Sunday 8 November 2020

Making the World Dangerous and Mysterious

There are two parts to this - dangerous and mysterious.

Dangerous includes running into monsters - but it should also include running into people, dealing with the weather, natural hazards, and things like that. If you read any of the foundational literature from Appendix N, consider taking notes about things that happen when the characters travel. You can recast these as you need.

Mysterious includes special locations, such as standing stones that indicate a nexus of ley lines boosting certain types of magic, cavernous pits or chasms that lead who-knows-where, and lonely ruined castles on hilltops like rotting teeth. Basically, consider a lot of things that might be good or bad, and sprinkle them around. Each of these might lead into an adventure. Or they might be places the PCs return to at some point - the standing stones, for instance, when they want to cast some particular spell.

Both dangers and mysteries provide opportunities to create context for your players' decisions. If they are confronted by patrolling henchmen of the Evil Baron, that is both a danger, and something that allows them to learn about the Evil Baron. If they discover a waterfall into a vast chasm, which they have no reasonable means to descend, they might be able to link that to a river flowing out of a cavern later in their travels.

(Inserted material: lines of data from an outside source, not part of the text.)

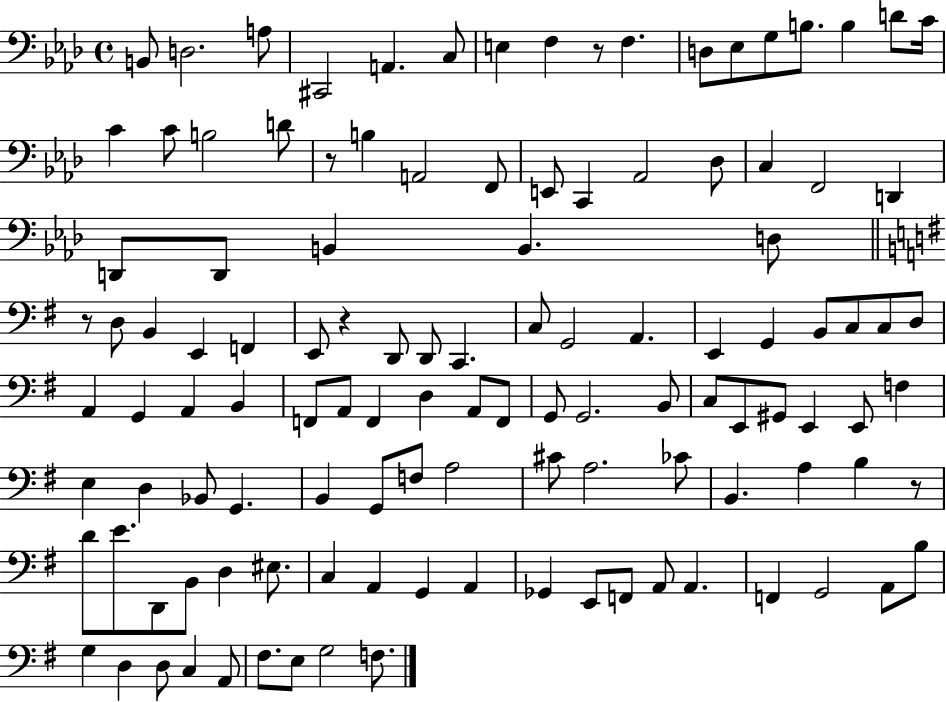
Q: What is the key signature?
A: AES major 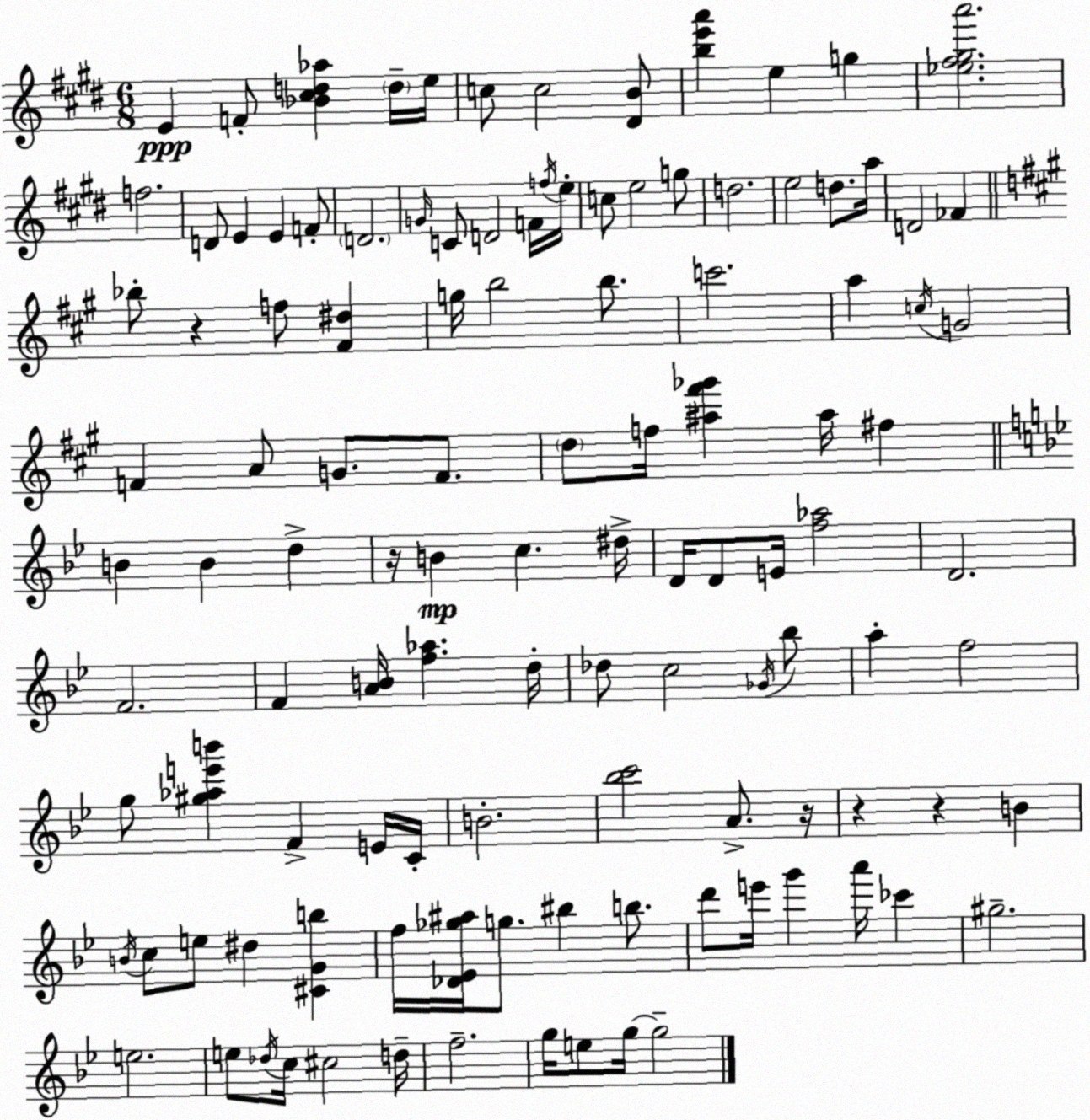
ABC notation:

X:1
T:Untitled
M:6/8
L:1/4
K:E
E F/2 [_B^cd_a] d/4 e/4 c/2 c2 [^DB]/2 [be'a'] e g [_e^f^ga']2 f2 D/2 E E F/2 D2 G/4 C/2 D2 F/4 f/4 e/4 c/2 e2 g/2 d2 e2 d/2 a/4 D2 _F _b/2 z f/2 [^F^d] g/4 b2 b/2 c'2 a c/4 G2 F A/2 G/2 F/2 d/2 f/4 [^a^f'_g'] ^a/4 ^f B B d z/4 B c ^d/4 D/4 D/2 E/4 [f_a]2 D2 F2 F [AB]/4 [f_a] d/4 _d/2 c2 _G/4 _b/2 a f2 g/2 [^g_ae'b'] F E/4 C/4 B2 [_bc']2 A/2 z/4 z z B B/4 c/2 e/2 ^d [^CGb] f/4 [_D_E_g^a]/4 g/2 ^b b/2 d'/2 e'/4 g' a'/4 _c' ^g2 e2 e/2 _d/4 c/4 ^c2 d/4 f2 g/4 e/2 g/4 g2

Remember, too, that an encounter need not mean combat. A cyclops might be waiting at a crossroads because it foresaw the party's arrival in a vision. It might offer to restore one of more PCs' lost Stamina once the recover some item it prizes from a nearby adventure location the cyclops is to large to fit into. Or, perhaps, the cyclops merely says "The Fates have decreed that you shall succeed in this endeavor, or no one."

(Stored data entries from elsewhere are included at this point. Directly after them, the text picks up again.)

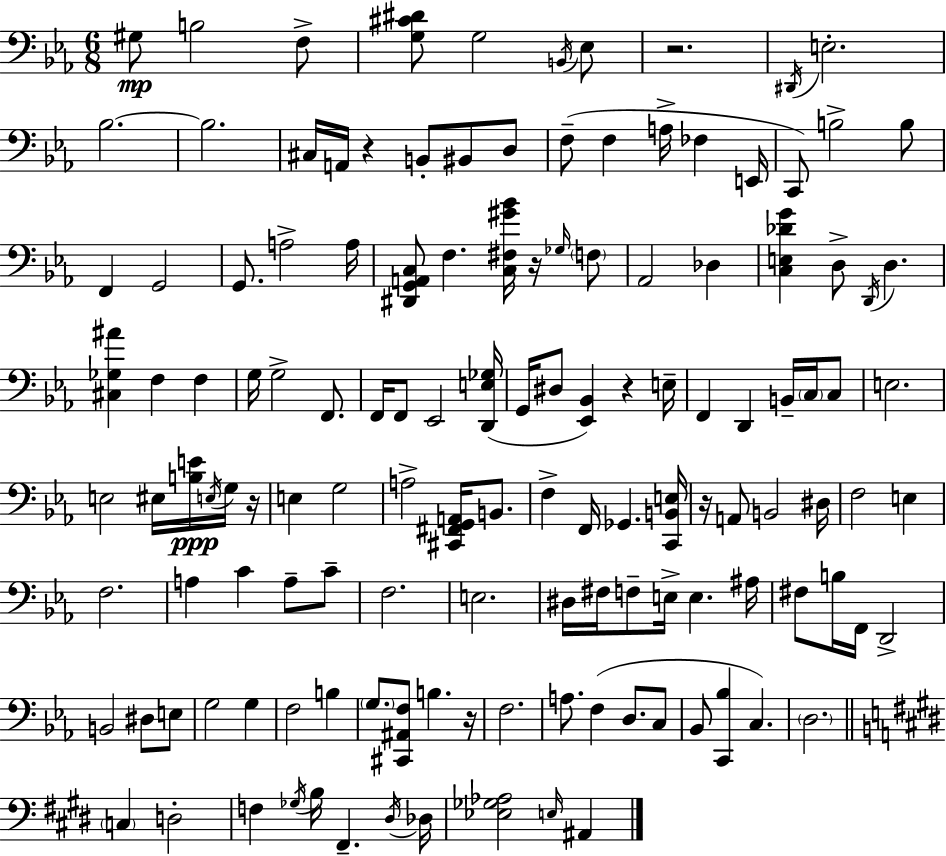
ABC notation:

X:1
T:Untitled
M:6/8
L:1/4
K:Eb
^G,/2 B,2 F,/2 [G,^C^D]/2 G,2 B,,/4 _E,/2 z2 ^D,,/4 E,2 _B,2 _B,2 ^C,/4 A,,/4 z B,,/2 ^B,,/2 D,/2 F,/2 F, A,/4 _F, E,,/4 C,,/2 B,2 B,/2 F,, G,,2 G,,/2 A,2 A,/4 [^D,,G,,A,,C,]/2 F, [C,^F,^G_B]/4 z/4 _G,/4 F,/2 _A,,2 _D, [C,E,_DG] D,/2 D,,/4 D, [^C,_G,^A] F, F, G,/4 G,2 F,,/2 F,,/4 F,,/2 _E,,2 [D,,E,_G,]/4 G,,/4 ^D,/2 [_E,,_B,,] z E,/4 F,, D,, B,,/4 C,/4 C,/2 E,2 E,2 ^E,/4 [B,E]/4 E,/4 G,/4 z/4 E, G,2 A,2 [^C,,^F,,G,,A,,]/4 B,,/2 F, F,,/4 _G,, [C,,B,,E,]/4 z/4 A,,/2 B,,2 ^D,/4 F,2 E, F,2 A, C A,/2 C/2 F,2 E,2 ^D,/4 ^F,/4 F,/2 E,/4 E, ^A,/4 ^F,/2 B,/4 F,,/4 D,,2 B,,2 ^D,/2 E,/2 G,2 G, F,2 B, G,/2 [^C,,^A,,F,]/2 B, z/4 F,2 A,/2 F, D,/2 C,/2 _B,,/2 [C,,_B,] C, D,2 C, D,2 F, _G,/4 B,/4 ^F,, ^D,/4 _D,/4 [_E,_G,_A,]2 E,/4 ^A,,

And it doesn't mean they have to fight the cyclops if they say No. Who knows? Maybe the Fates decreed that they would succeed a year from now? Or ten years?

Also, there are other people in the world. Everyone the PCs meet knows stories of forest demons and hidden valleys where a fortune in jewels are to be had for the taking. Or stories of Elfland, both wondrous and grim. Some of these stories are true. Some have been distorted through long telling. Some are false. And some, whether or not the teller knows it, merely lead the gullible into a monster's gullet.

Give the players things to think about. Imply dangers that are not necessarily met...this time, at least. Let the occasional danger manifest. Suddenly, the world is both as dangerous and as mysterious as you could want!

Cross-posted from reddit.

2 comments:

  1. I always see encounters as a way to reinforce the Players' sense of the setting... even if the encounter remains mysterious for the time being. So if there's a war somewhere, there will be refugees on the encounter list... if there is a rampaging dragon somewhere nearby, there will be a burned farmhouse or maybe a survivor with bandages and no hair.
    If the Players always choose to fight first and ask questions later they're doing themselves out of potential adventure/story/information.